Loyd, in an affidavit given the committee, said all the members of the mob were older men and Senter was not among them.
But spokesmen for several Mississippi civil rights groups said it was "common knowledge" in Aberdeen that Senter was present. They urged that Loyd and other witnesses, who they said had been intimidated from testifying, be subpoenaed to appear before the committee.
"The nomination of Judge Senter to the federal bench is an outrage and an insult to all black people in the state of Mississippi," and John Walker, southern regional director of the National Conference of Black Lawyers. "Not only has President Carter broken his promise to appoint a black to the federal bench in Mississippi before 1980, but he lacks sensitivity to minority and women's problems."
Senter was recommended for the post by Chairman John C. Stennis (D-Miss.) of the Senate Armed Services Committee, and has the support of Sen. Thad Cochran (R-Miss.), a member of the Judiciary Committee. Carter has been courting Stennins' support for the strategic arms limitation treaty now before the Senate.
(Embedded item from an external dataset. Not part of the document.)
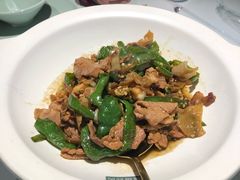 -费大厨辣椒炒肉(高铁吾悦广场店)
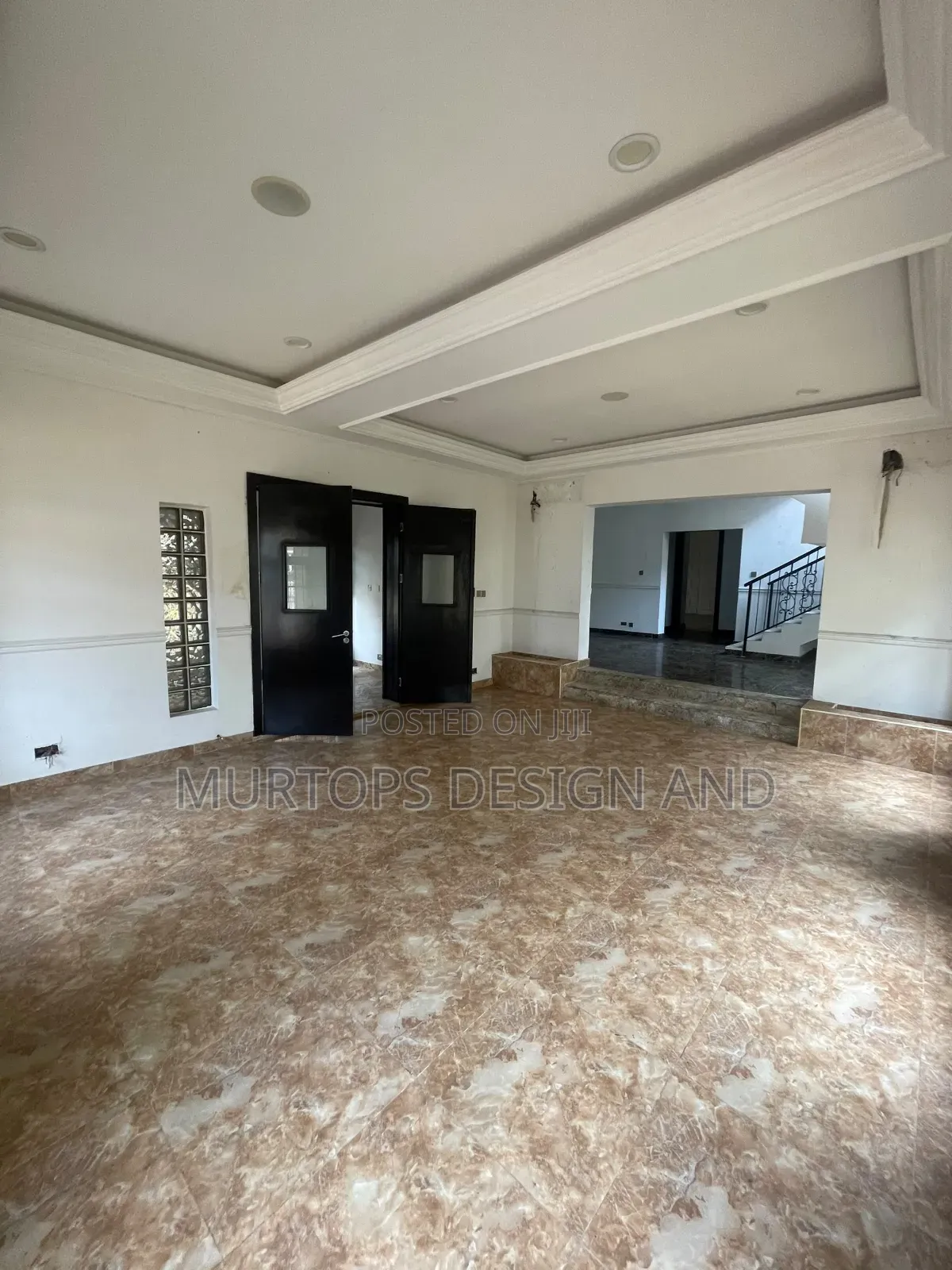 5bdrm Duplex in Carlton Gate Estate, Chevron for sale in Chevron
Senter denied ever making racial slurs and pleaded loss of memory when questioned about the accusations that he belonged to all-white private clubs and had moved his children to an all-white academy 20 miles from home to avoid court-ordered desegregation.
On a questionaire filed with the committee, Senter originally omitted his membership in the all-white Aberdeen Country Club and when asked if any women and blacks were member of a foxhunting and fishing club to which he belongs, he replied, "Not known."
On the matter of racial slurs, Robert Clark, an attorney from Batesville, Miss., testified that as an intern in Senter's court he frequently heard the judge tell racial jokes and say things from the bench like "bring the nigger in" and "take that nigger from the courtroom."